Unfortunately, it’s hard to get reliable data on the Japanese SVI. One website, for example, claims that about 14,000 sex videos are produced annually in Japan, compared to about 2000 in the USA, but provides no references. Still, it’s pretty clear that Japan has a massive sex video market, probably the biggest market in the world – certainly for its size.
To me, the most interesting feature of the Japanese SVI is that it appears to be less hidden, more mainstream than the Euro-American. It’s more ‘ordinary’, with scenes taking place in basic homes and hotel rooms rather than in the ‘palatial’ seaside residences of, presumably, Los Angeles or San Francisco. Many of the young women look like any attractive youngsters you might find in any shopping mall, and don’t feel the need to be tizzied up with ‘pornstar fingernails’ or revealing outfits. In fact, some are also in J-pop bands or mainstream movies. The atmosphere in these videos seems collegial, with a lot of beforehand-chit-chat and laughter. Yet, there are signs throughout of a male-dominated society, not so much in the role-playing – the female stars are often teachers or office managers, as well as ‘schoolgirls’ or bewhiskered cosplay cuties – as in certain giveaway behaviours, such as putting their hand in front of their mouths and giggling shyly when, presumably, asked a sexual question in interviews (I don’t understand Japanese). This may seem a minor thing, but in fact it’s endemic in Japanese SVs, and not found in other cultures. The noise they often make during intercourse – squealing like a stuck pig, if I may be so blunt – is also something of a problem. It just doesn’t happen with Euro-American performers, and it’s surely not a sign of empowerment. It also tends not to be such a feature with veterans of the industry.

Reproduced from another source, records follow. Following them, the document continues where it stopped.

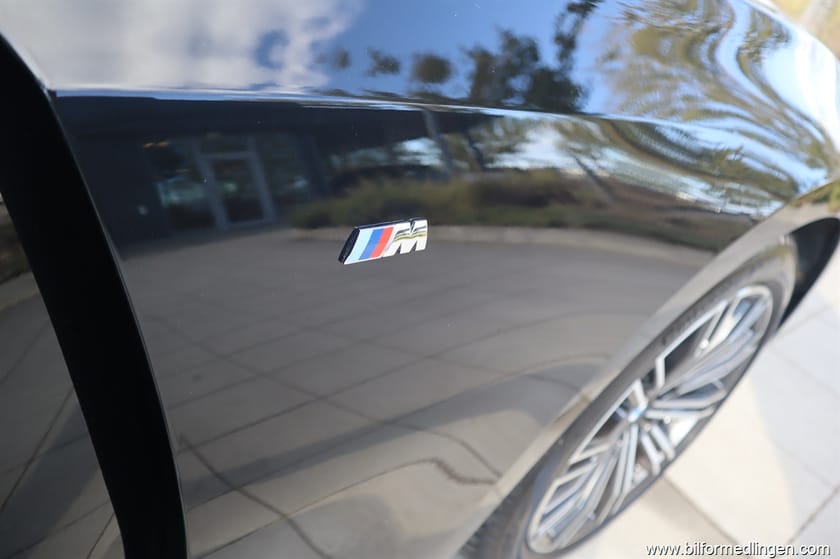 Bild 5 av BMW 330i xDrive Sedan 330 4-door 258hk M-Sport Navi Drag Svensksåld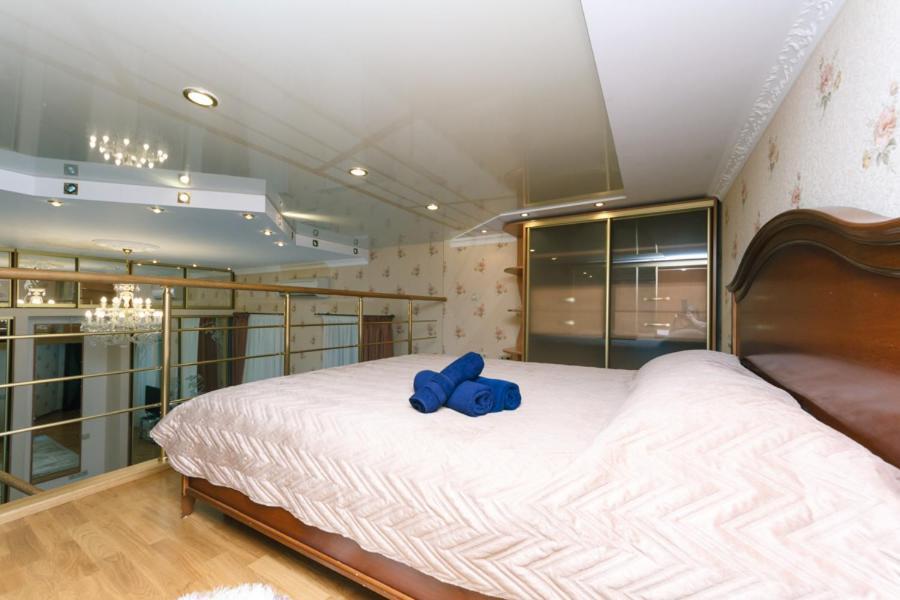 Stylish Two-Level Flat 2 Min From Khreschatyk Kiev Esterno foto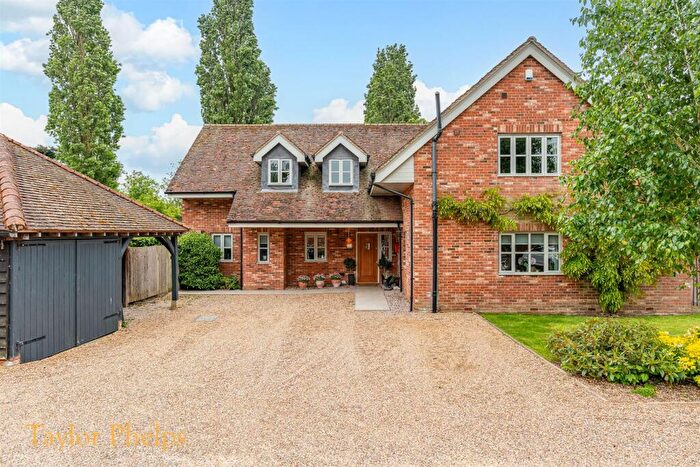 4 Bedroom Detached House For Sale In Great Oak Court, Hunsdon, SG12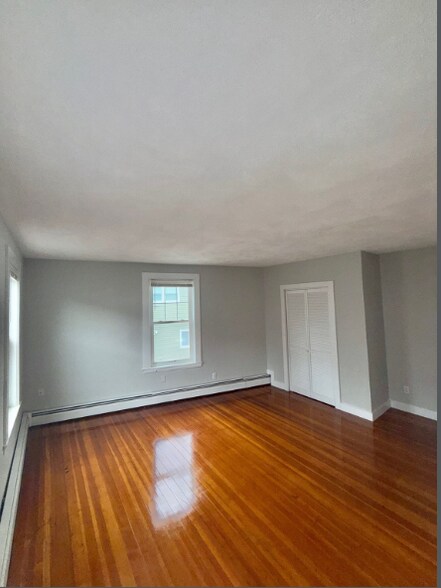 Building Photo - 225 Florence St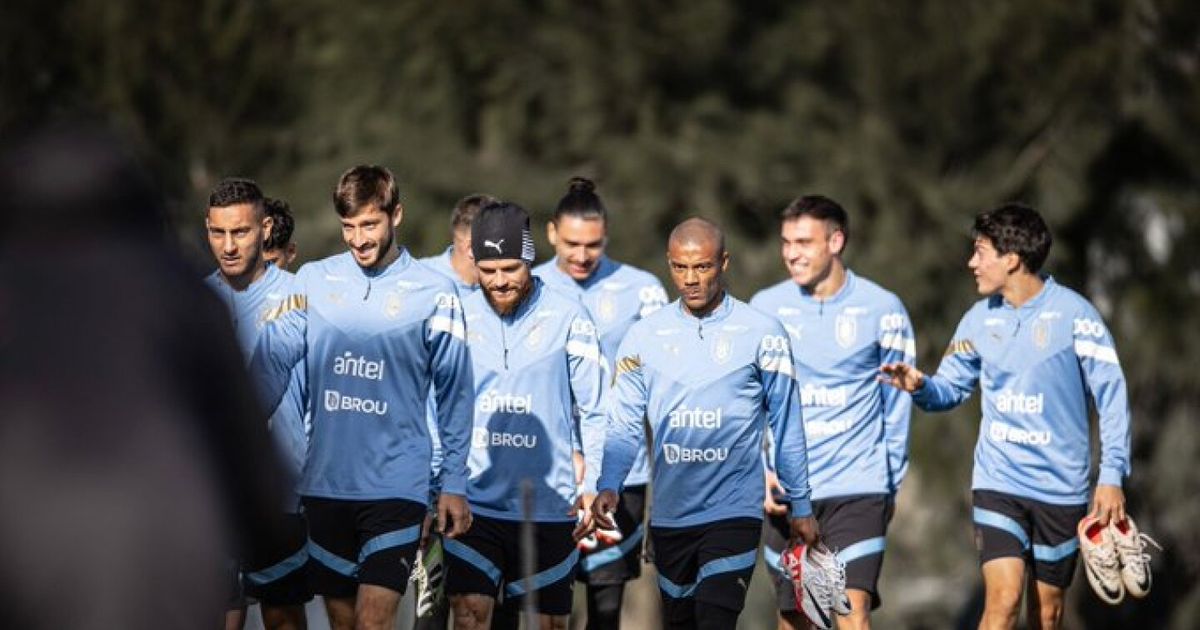 Mathías Olivera regresa lesionado de Uruguay 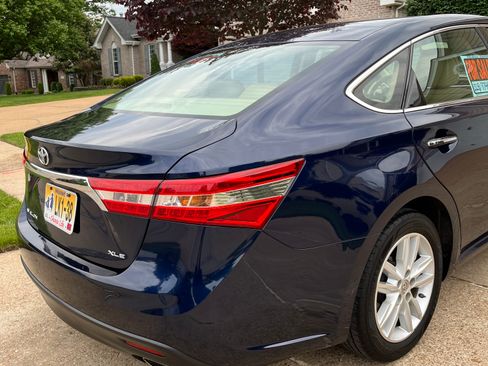 Used 2013 Toyota Avalon XLE FWD image 10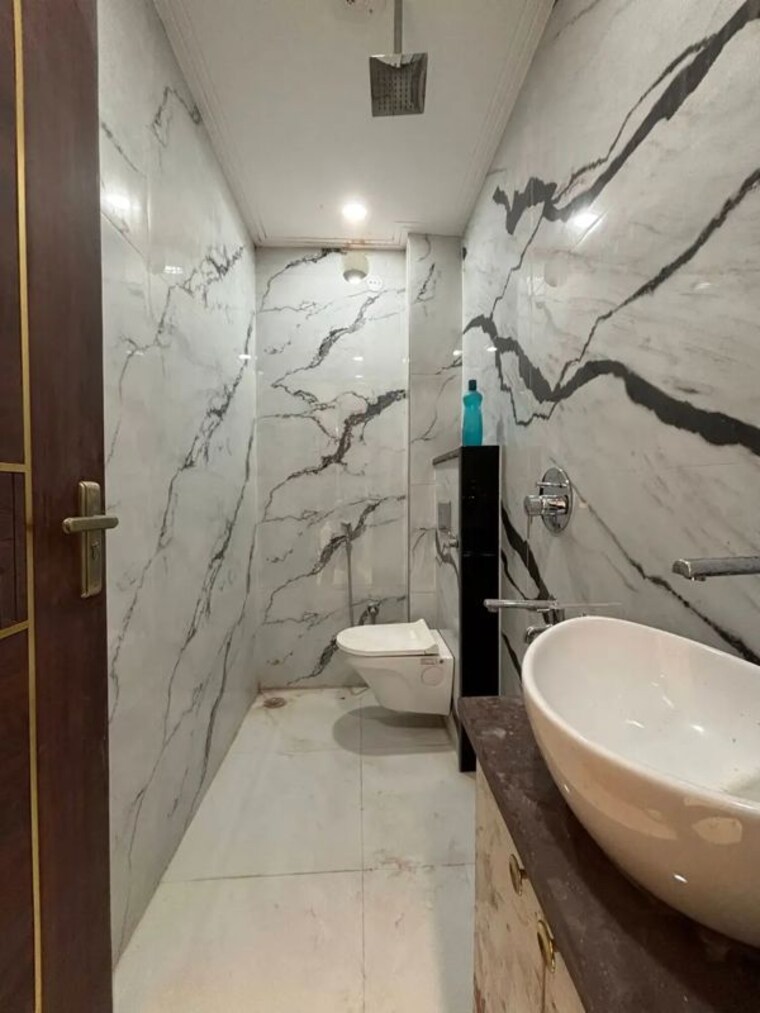 Bathroom, uttam nagar 2 Bedroom 459 Sq.Ft. Builder Floor In Uttam Nagar Delhi 10733478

The story-lines of Japanese sex videos are mostly absurd and somewhat formulaic. There’s the time-stop vids, the bus or train frottage leading to full-blown sex vids, the classroom-rape vids (whether of teacher or student), the vids of the kids having sex on the sofa while the family is chatting, oblivious, at the dining table in the same room, and so on. All good dirty fun, no doubt, but though the Japanese SVI world is almost mainstream, it still involves the compartmentalism that bedevils the human approach to sexuality, where there’s a place for everything and everything in its place. Is this compartmenting, or closeting, of sex, absolutely necessary to human civilisation? Opening the closet would surely reduce the exploitative aspect of the business – and allow us to examine just how exploitative it is, compared to say, the gig economy that many young (and older) people have to negotiate today. That’s an issue worth exploring.